Andrew Smart

Personal information
- Full name: Andrew James Smart
- Date of birth: 17 March 1986 (age 40)
- Place of birth: Wythenshawe, Manchester, England
- Positions: Defender; midfielder;

Youth career
- 2003–2005: Macclesfield Town

Senior career*
- Years: Team / Apps / (Gls)
- 2005–2007: Macclesfield Town / 9 / (0)
- 2007: → Northwich Victoria (loan) / 18 / (1)
- 2007–2010: Stalybridge Celtic / 90 / (15)
- 2010–2011: Hyde / 36 / (7)
- 2011–2012: Trafford / ? / (?)
- 2012: Altrincham / 7 / (0)
- 2012–2014: Trafford / ? / (?)
- 2014: Salford City / 3 / (0)
- 2014–2015: Trafford / ? / (?)
- 2015: Glossop North End / 13 / (0)
- 2016: Ramsbottom United / ? / (?)

= Andrew Smart =

English footballer

Andrew James Smart (born 17 March 1986) is an English footballer who last played for Ramsbottom United. He has previously played for Macclesfield Town in the Football League.

==Career==

=== Macclesfield Town ===
Born in Wythenshawe, Manchester, Smart came from the youth system at Macclesfield Town and in 2005 he made it into the first team squad. He stayed there for two-years making only nine appearances and not scoring. In 2007, he went out on loan to Northwich Victoria making 18 appearances scoring 1 goal. He was released on his return to Macclesfield.

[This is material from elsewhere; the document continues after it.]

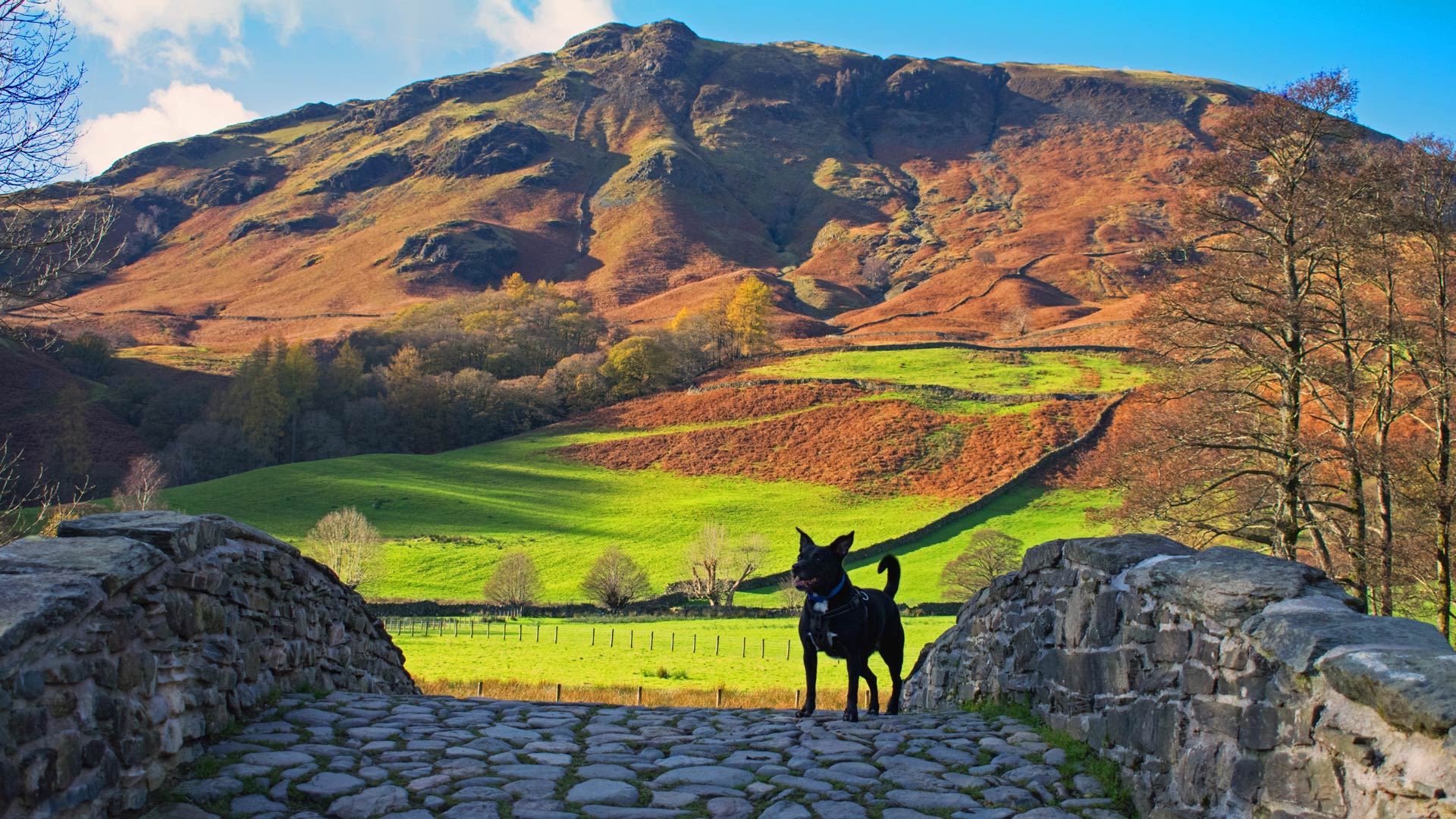dog in the lake district national park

=== Stalybridge Celtic ===
After his release from Macclesfield Town he joined Conference North side Stalybridge Celtic and he stayed there for two-years where he was more of a first team regular making almost 100 league appearances for them before his move to Hyde.

=== Hyde ===
On 2 July 2010, Smart completed his move to Hyde. He made his debut on 17 July 2010, in a 2–0 pre-season defeat to Manchester City Reserves. He scored his first goal for Hyde on 21 August 2010, in a 5–1 defeat to Alfreton Town. He made it two Hyde goals four days later when he converted penalty in the 3–1 defeat to local rivals Droylsden. In April 2011, he was awarded with the Jack Harrop trophy for leading scorer, after he finished as Hyde's top goalscorer for the 2010–11 season.

He left Hyde during the summer of 2011 as part of a mass clear out at the club. He joined Trafford.FC, before signing for Altrincham in March 2012. He rejoined Trafford for the start of the 2012–2013 season.

In the summer of 2014 he moved to Salford City. He made his club debut in the opening league match of the season on 16 August as Salford beat Scarborough Athletic 4–1. In September 2014 he rejoined Trafford.

He joined Ramsbottom United in 2016 from Glossop North End.